Mit Martin Walsers jüngstem Roman «Der Tod eines Kritikers» kommt mutmaßlich mehreres an ein Ende. Zuallererst die enge Beziehung zwischen diesem Autor und der «Frankfurter Allgemeinen Zeitung». Soeben hat sie Walser, von dem sie seit Jahr und Tag das jeweils neueste Prosawerk in Fortsetzung vorabdruckt, vor aller Augen die Tür gewiesen. Ein solcher Akt ward noch nicht gesehen. Frank Schirrmacher will Walsers «Dokument des Hasses» nicht bringen, weil es einer «Exekution» Marcel Reich-Ranickis gleichkomme. Dieser, nur notdürftig verschlüsselt als Kritiker André Ehrl-König, steht, mit vielen Versatzstücken aus der Klischeekiste ausgestattet, als jiddelnder Popanz im Mittelpunkt des Buches. Damit dürfte auch das Tischtuch zwischen dem Literaturpapst und Martin Walser für immer zerschnitten sein.

Auch Walsers Verhältnis zu seinem Verlag kann kaum so bleiben, wie es ist. Es wird nämlich in «Tod eines Kritikers» auch das Personal des Hauses Suhrkamp in einer Weise bloßgestellt, die nicht nur die Abwendung Unselds von Martin Walser zur Folge haben, sondern auch dem verantwortlichen Lektor noch erhebliche Probleme bereiten könnte.

Vor allem aber muss man nur über geringe prophetische Gaben verfügen, um schon jetzt zu sagen: Walsers Renommee als große intellektuelle Figur, als moralisch-politische Instanz, die seit den Tagen der Gruppe 47 in den Diskurskämpfen der Bundesrepublik Sitz und Stimme von erheblicher Wirkungsmacht besaß, wird endgültig auf den Prüfstand gestellt werden. Nicht nur die Fraktion der politisch Korrekten, die Walser seit seiner umstrittenen Rede zur Entgegennahme des Friedenspreises von 1998 im Visier hat, nicht nur sie hat nun Anlass, den Stab über ihn zu brechen. Auch die Liberalen, Verständnisbereiten, die auf dem Standpunkt stehen, seine Meinung nicht teilen zu können, aber alles tun zu wollen, damit er sie in Freiheit äußern kann, auch diese müssen sich nun fragen, ob sie sich nicht für einen Uneinsichtigen eingesetzt haben.

Doch noch etwas anderes kommt mit jenem jüngsten Opus, das uns noch geraume Weile in Atem halten wird, zu einem End- oder doch Höhepunkt. Gemeint ist ein literarisches Verfahren, das sich allerdings bei Walser in den letzten Jahren verfestigt hat zu einer Art geistigem Prinzip.

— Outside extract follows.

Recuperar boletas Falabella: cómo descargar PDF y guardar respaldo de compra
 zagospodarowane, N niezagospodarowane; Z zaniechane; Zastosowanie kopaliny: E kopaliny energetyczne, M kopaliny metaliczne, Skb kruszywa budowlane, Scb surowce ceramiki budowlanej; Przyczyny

Wir wollen es nennen: die Lust an der Regression.

Lust an der Regression, will sagen das Ab- und Eintauchen in einen Kosmos kindlich-affektbetonten Ausagierens von Trieben und Wünschen, die das Erwachsenenbewusstsein den meisten Menschen versagt, dieses Abstreifen zivilisatorischer Fesseln, von Walser offenkundig als «Befreiung» erlebt und in seiner Duisburger Rede 1998 auch als Befreiung propagiert, diese Lust schwingt sich nun in die höchsten erogenen Zonen des Verbotenen hinauf, indem sie den Tötungswunsch in einer Weise ausfantasiert, die wahrlich unerhört ist. Der ausfantasierte Tötungswunsch gilt ja nicht einer erfundenen Figur, was gute Tradition in der Literatur wäre. Sie gilt einer öffentlichen Figur, die noch dazu so gezeichnet ist, dass auch in der Karikatur jeder sie erkennt, dass jeder weiß, wer gemeint ist.

Erstmals manifest wurde diese Lust an der Regression in Walsers großem Deutschland-Roman von 1991, der nicht von ungefähr den Titel «Die Verteidigung der Kindheit» trug. Alfred Dorn heißt hier der Held, dem noch ein neutraler Erzähler vorgeschaltet ist. Aber schon in der «Verteidigung der Kindheit» wird politische Geschichte, unter anderem die Bombardierung Dresdens und ihre Folgen, in der Perspektive eines Psychopathen gespiegelt, der sich weigert, erwachsen zu werden und seine ganze Lust aus der Fortschreibung seines Kindseins zieht, von dem noch die letzte, abgelegenste Spur sorgsam recherchiert und archiviert wird.

Mit dem autobiografischen Roman «Ein springender Brunnen» erteilte sich Walser 1998 vollends die Lizenz für die kindliche Regression, denn nun unternahm er das Wagnis, das nicht nur ein literarisches war, über mehrere 100 Seiten lang über Ereignisse der frühen Nazizeit aus der Sicht eines Sechsjährigen zu schreiben, nicht nur auf der Suche nach der verlorenen politischen Unschuld, sondern dieselbe zum schreiberischen Programm erhebend.

Und was war schließlich seine berühmte Frankfurter Rede, nach der ihn Ignatz Bubis zum «geistigen Brandstifter» stempelte, anderes als ein Versuch, das infantile Muster vom Überdruss an den Normen und Diskursgeboten der Zivilgesellschaft in Sachen Holocaust in den öffentlichen Raum zu tragen und sich die Erlaubnis zu der kindlichen Geste des «Wegschauens» zu erteilen, «wenn es schlimm wird», wenn nämlich «die Dauerpräsentation unserer Schande» droht?Die Gedanken sind frei, wohl wahr, und die Gedanken eines Schriftstellers sind es doppelt. Aber wenn sie vornehmlich dem einen dienen: das Regressive zur Sprache zu bringen, dann droht der Rückschritt.